Use insect repellent containing DEET (N, N-diethyl-meta-toluamide), with concentrations of 30-35% DEET for adults and 15% for children. Do not use repellent on infants. Repellents containing concentrations of more than 35% DEET do not provide additional protection. Picaridin is a good substitute for those with sensitive skin. Note: whenever insecticide or insect repellent is used, be sure to read and follow the manufacturer’s directions for use, as printed on the product.

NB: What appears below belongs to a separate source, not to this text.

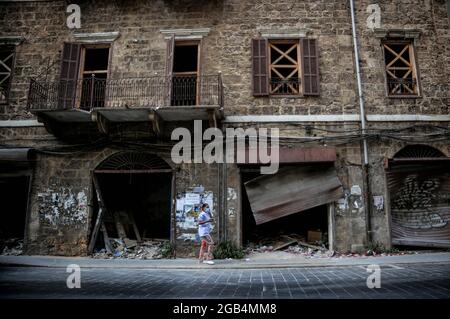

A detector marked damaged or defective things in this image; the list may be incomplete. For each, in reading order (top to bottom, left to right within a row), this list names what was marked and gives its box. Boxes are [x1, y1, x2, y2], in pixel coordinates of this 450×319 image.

Other Personal Protective Measures
- Avoid being outdoors between dusk and dawn when mosquitoes are most active and likely to bite.
- Wear loose-fitting, long-sleeved shirts and long pants when outdoors.
- Spray clothing with insect repellent containing DEET. Mosquitoes may bite through thin clothing.
- Install or repair window and door screens so that mosquitoes cannot get indoors. Avoid leaving doors and windows without screens open.
- Vitamin B and "ultrasonic" devices are NOT effective in preventing mosquito bites.
- Horse owners may want to talk to their veterinarian about WNV horse vaccine.
Use insecticides safely.
Several commercially available insecticides can be effective in controlling larval and adult mosquitoes. These chemicals are considered sufficiently safe for use by the public. Select a product whose label states that the material is effective against mosquito larvae or adults. For safe and effective use, follow the instructions for applying the material. The label lists those insects that the Environmental Protection Agency (EPA) agrees are effectively controlled by the product. Read the label.
For use against adult mosquitoes, some liquid insecticides can be mixed according to direction and sprayed lightly on building foundations, hedges, low shrubbery, ground covers, and grasses. Do not overapply liquid insecticides - excess spray drips from the sprayed surfaces to the ground, where it is ineffective. The purpose of such sprays is to leave a fine deposit of insecticide on surfaces where mosquitoes rest. Such sprays are not effective for more than one or two days.
Some insecticides are available as premixed products or aerosol cans. These devices spray the insecticide as very small aerosol droplets that remain floating in the air and hit the flying mosquitoes. Apply the sprays upwind, so the droplets drift through the area here mosquito control is desired. Rather than applying too much of these aerosols initially, it is more practical to apply them briefly but periodically, thereby eliminating those mosquitoes that recently flew into the area.